_Work instructions:_ For this task, output exactly the lines of the material below starting at the line with "Ariocarpus furfuraceus f.monstrosa" and ending at the line with "X0000116140588201001041034"; pictures are to be excluded.

_Data shown:_
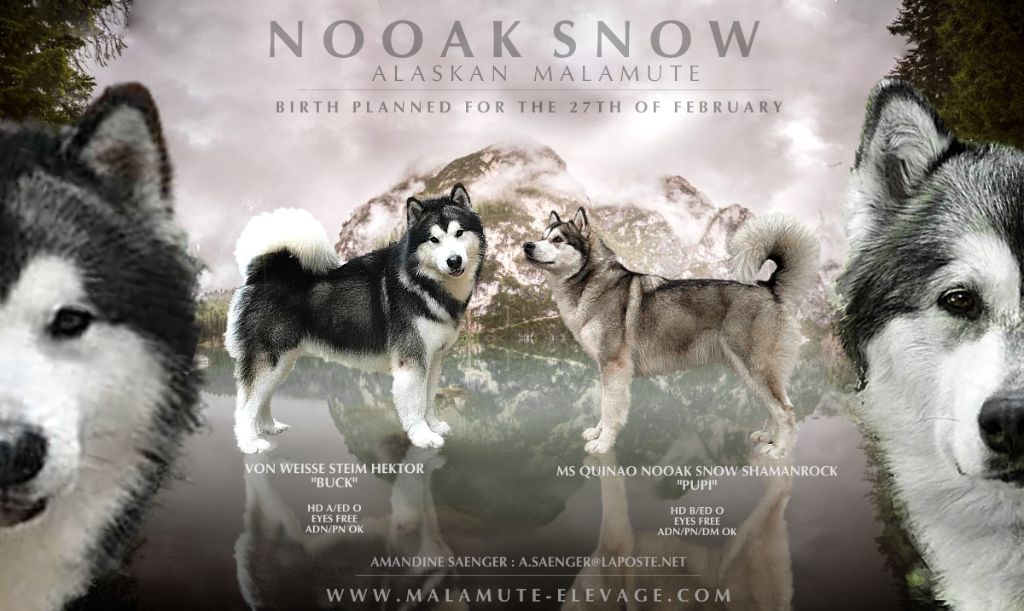 chiot Alaskan Malamute Nooak Snow
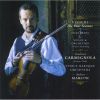 Download track 13.13. Violin Concerto In E Flat Major RV 257: Andante Molto Quasi Allegro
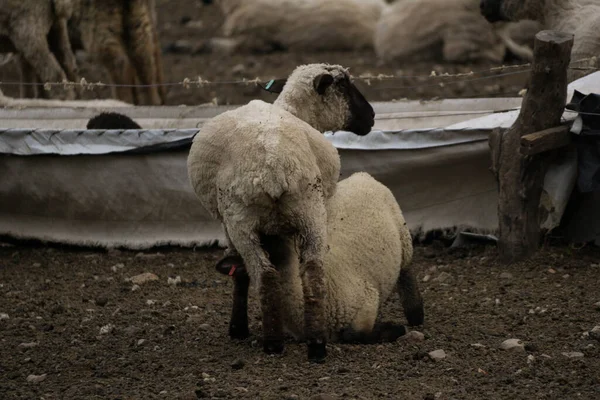 Owcę Karmiącą Owieczkę Farmie Stadem Jagniąt Tle — Zdjęcie stockowe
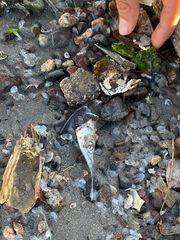 Hemiramphus saltator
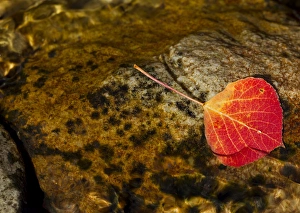 Quaking aspen leaf in fall colors in the south Ponil Creek on Baldy mountain in the Quaking aspen leaf in fall colors in the south Ponil Creek on Baldy mountain in the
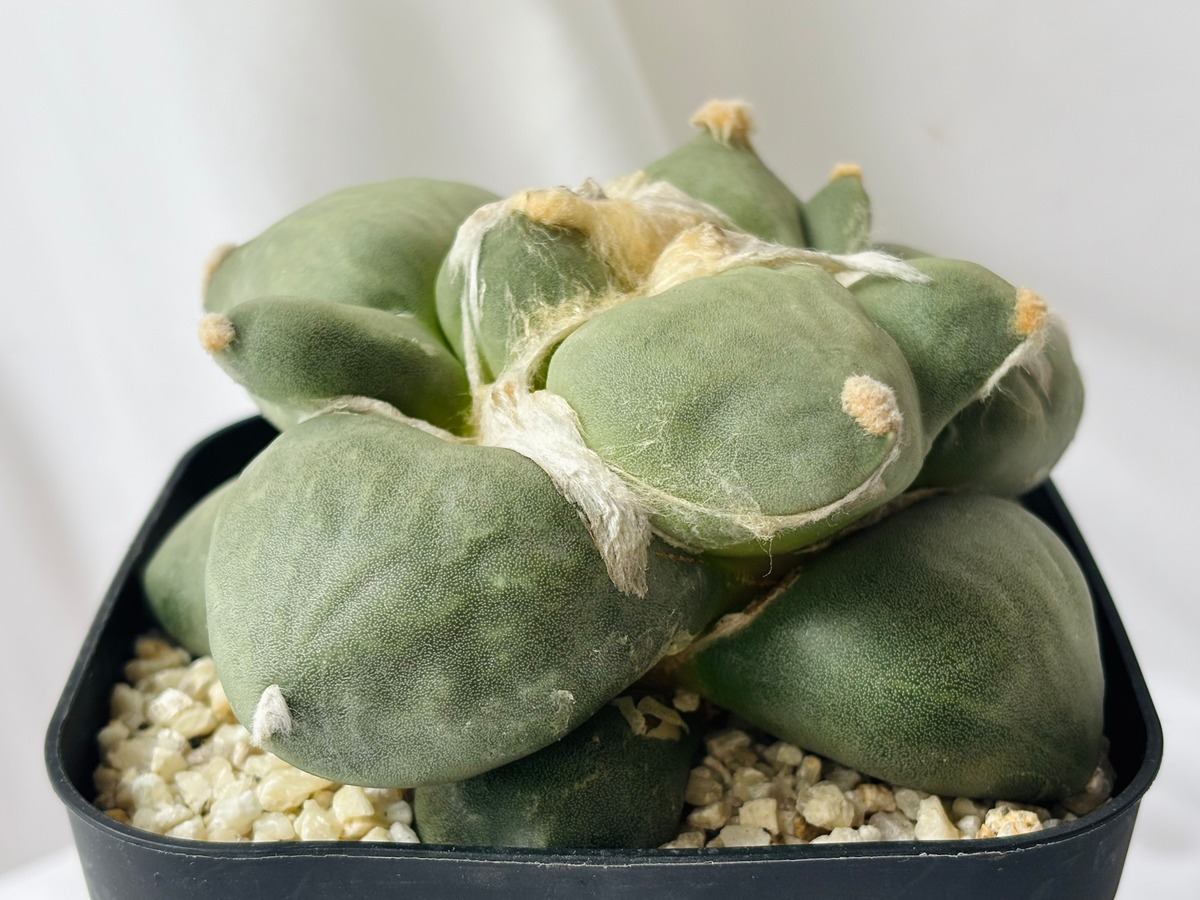 Ariocarpus furfuraceus f.monstrosa アリオカルプス 変疣青磁牡丹 
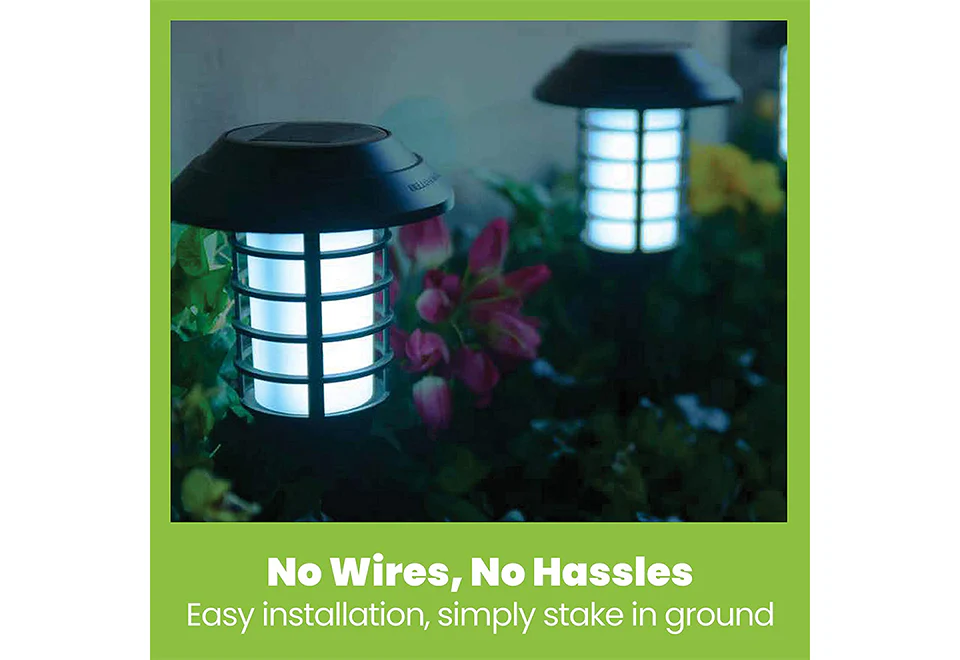 Solar Pathway Lights (Set of 4) - Image 10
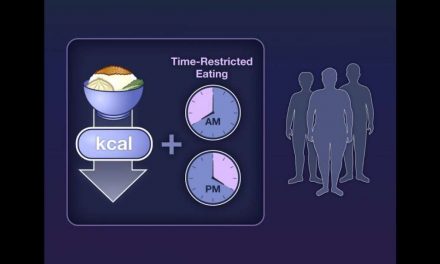 Time-Restricted Eating In Weight Loss | NEJM
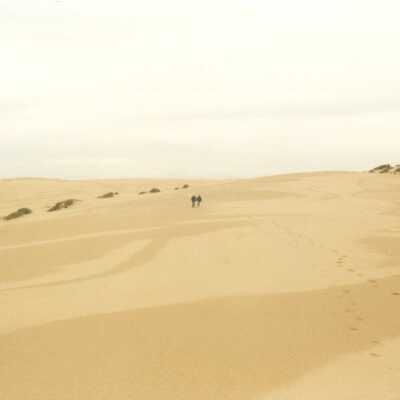 Mussel Rock Dunes Undated Photograph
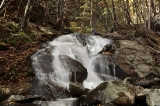 「荒神の滝」のサムネイル画像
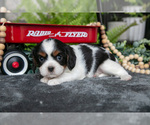 Small Photo #22 Cavalier King Charles Spaniel Puppy For Sale in NARVON, PA, USA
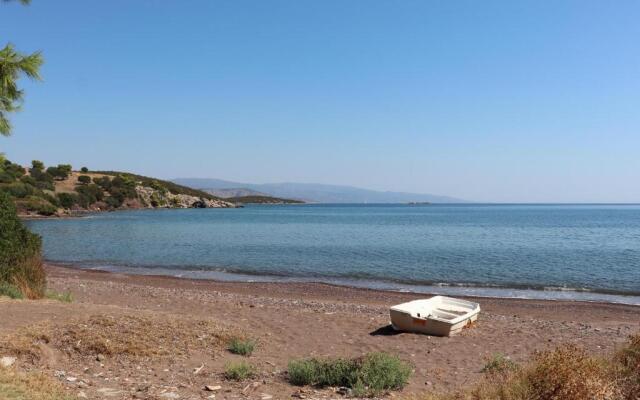 Ioannas 2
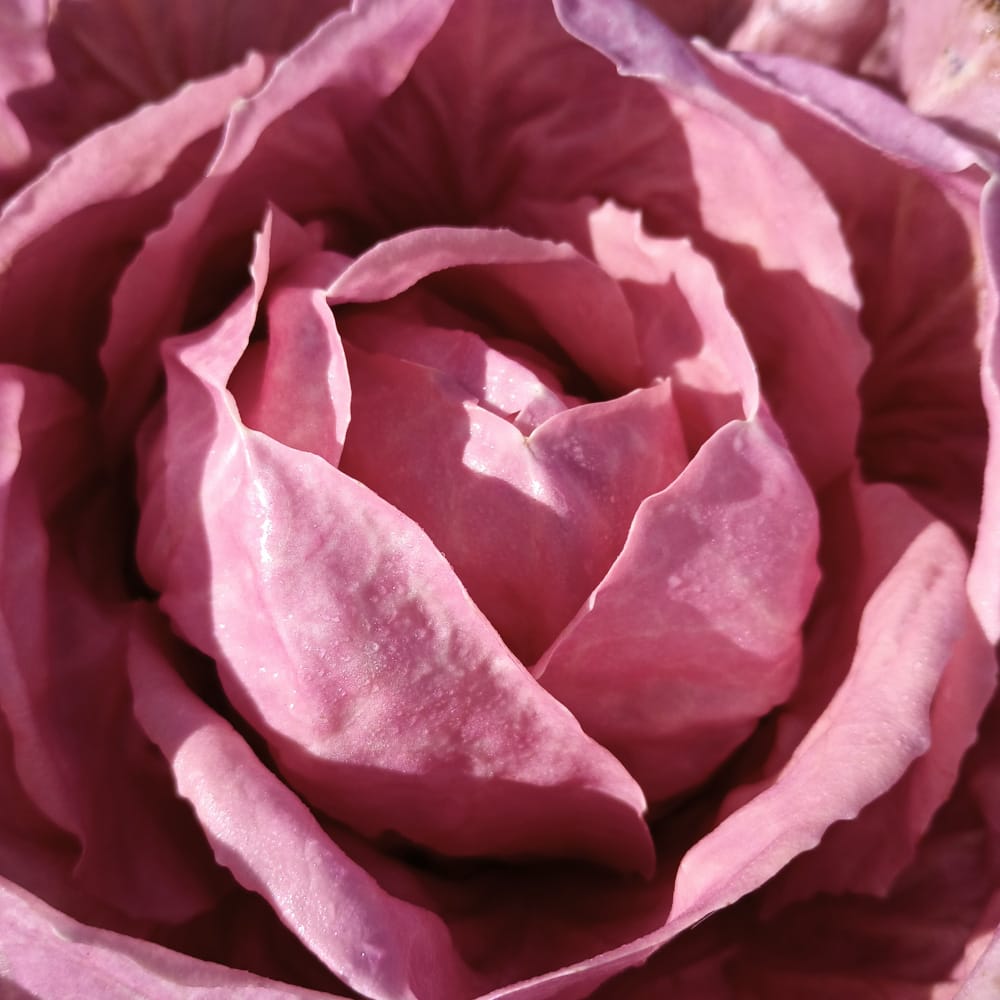 Organic Radicchio La Rosa del Veneto seed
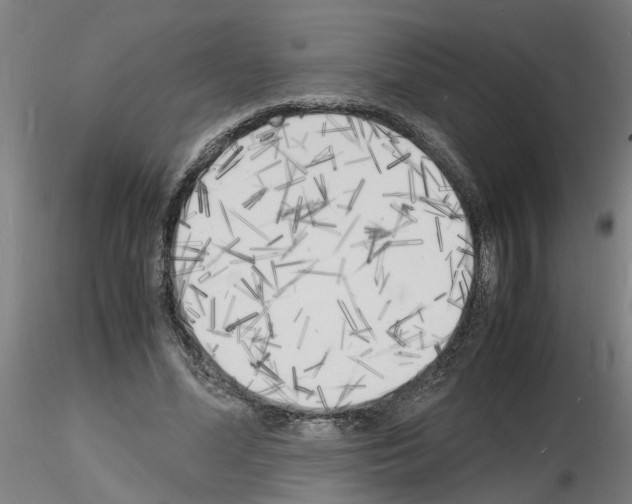 X0000116140588201001041034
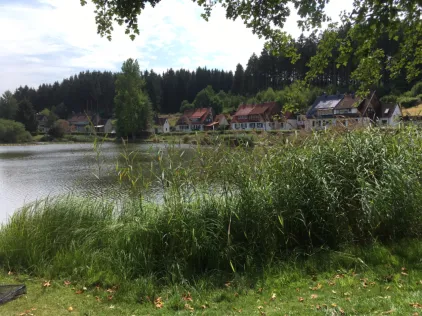 Totemannsteich (Bad Grund)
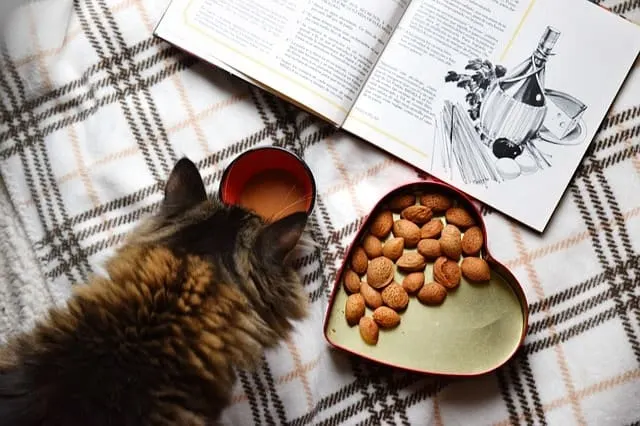 Can Kittens Eat Adult Cat Food? | Fluffy Kitty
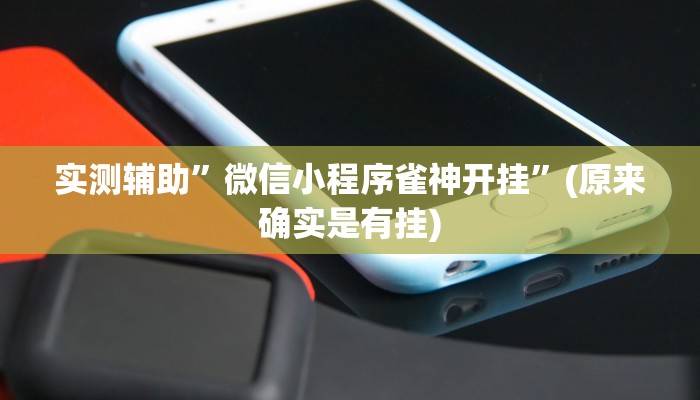 实测辅助”微信小程序雀神开挂”(原来确实是有挂)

_Output of the task:_
 Ariocarpus furfuraceus f.monstrosa アリオカルプス 変疣青磁牡丹 
 Solar Pathway Lights (Set of 4) - Image 10
 Time-Restricted Eating In Weight Loss | NEJM
 Mussel Rock Dunes Undated Photograph
 「荒神の滝」のサムネイル画像
 Small Photo #22 Cavalier King Charles Spaniel Puppy For Sale in NARVON, PA, USA
 Ioannas 2
 Organic Radicchio La Rosa del Veneto seed
 X0000116140588201001041034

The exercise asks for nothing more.